====== Entries supplied ======

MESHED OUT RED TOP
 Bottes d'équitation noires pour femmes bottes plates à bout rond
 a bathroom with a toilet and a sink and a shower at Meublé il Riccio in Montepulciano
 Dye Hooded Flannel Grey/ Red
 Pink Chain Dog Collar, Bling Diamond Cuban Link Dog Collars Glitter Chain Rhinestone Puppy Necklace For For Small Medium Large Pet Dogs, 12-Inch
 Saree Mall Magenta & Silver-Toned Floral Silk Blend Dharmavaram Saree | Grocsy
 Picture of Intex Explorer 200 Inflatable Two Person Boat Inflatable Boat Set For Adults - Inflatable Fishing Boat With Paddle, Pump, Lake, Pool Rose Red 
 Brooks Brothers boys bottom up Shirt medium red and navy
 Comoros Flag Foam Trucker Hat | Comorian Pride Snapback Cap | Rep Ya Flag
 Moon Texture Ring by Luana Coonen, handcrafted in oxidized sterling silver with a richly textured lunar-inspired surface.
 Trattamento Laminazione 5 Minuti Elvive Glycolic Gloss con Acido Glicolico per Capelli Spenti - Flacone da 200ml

======

## Task instructions
Using the entries shown above, reproduce verbatim the lines from the line bearing "Bottes d'équitation noires" to the line bearing "Picture of Intex", inclusive.

## Your solution
 Bottes d'équitation noires pour femmes bottes plates à bout rond
 a bathroom with a toilet and a sink and a shower at Meublé il Riccio in Montepulciano
 Dye Hooded Flannel Grey/ Red
 Pink Chain Dog Collar, Bling Diamond Cuban Link Dog Collars Glitter Chain Rhinestone Puppy Necklace For For Small Medium Large Pet Dogs, 12-Inch
 Saree Mall Magenta & Silver-Toned Floral Silk Blend Dharmavaram Saree | Grocsy
 Picture of Intex Explorer 200 Inflatable Two Person Boat Inflatable Boat Set For Adults - Inflatable Fishing Boat With Paddle, Pump, Lake, Pool Rose Red 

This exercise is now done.